Generell sollte die Sozialhilfe Personen bzw. Familien unterstützen, die sich in einer sozialen Notlage befinden, nicht ausreichend durch andere Einkommen, wie etwa Lohn/Gehalt, Sozialversicherungsleistungen wie etwa Arbeitslosengeld oder Notstandshilfe etc., abgesichert sind bzw. über keine nennenswerten Vermögen oder Ersparnisse verfügen. Bereits jetzt muss man viele Voraussetzungen erfüllen und persönliche Daten offenlegen, um Sozialhilfe zu erhalten. Beispielsweise muss bei Arbeitsfähigkeit auch Arbeitswilligkeit gegeben sein. Somit müssen sich die Betroffenen schon jetzt beim Arbeitsmarktservice (AMS) zur Arbeitssuche vormerken lassen.

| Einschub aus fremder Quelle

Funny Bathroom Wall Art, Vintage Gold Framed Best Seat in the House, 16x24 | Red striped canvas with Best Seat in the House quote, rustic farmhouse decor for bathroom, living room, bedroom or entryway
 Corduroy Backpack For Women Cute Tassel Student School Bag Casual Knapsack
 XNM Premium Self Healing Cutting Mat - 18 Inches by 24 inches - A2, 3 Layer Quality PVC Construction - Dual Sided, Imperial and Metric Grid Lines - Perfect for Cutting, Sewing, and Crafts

Darüber hinaus sollte die Sozialhilfe Menschen nachhaltig aus Armutslagen befreien. Dies ist leider bis dato noch nicht gelungen. Denn derzeit (2025) beträgt die Höhe der Sozialhilfe für eine bzw. einen Alleinstehende:n maximal 1.209,01 Euro netto (auf Basis des Netto-Ausgleichszulagenrichtsatzes) monatlich – bei einer aktuellen Armutsschwelle von 1.661 Euro netto (zwölfmal pro Jahr) für einen Einpersonenhaushalt. Darüber hinaus berechnet der Dachverband der Schuldnerberatungen jährlich sogenannte „Referenzbudgets“. Dieser für ein angemessenes Leben in Österreich benötigte Betrag ist aktuell für Alleinstehende mit rund 1.787 Euro etwas über der Armutsgefährdungsschwelle.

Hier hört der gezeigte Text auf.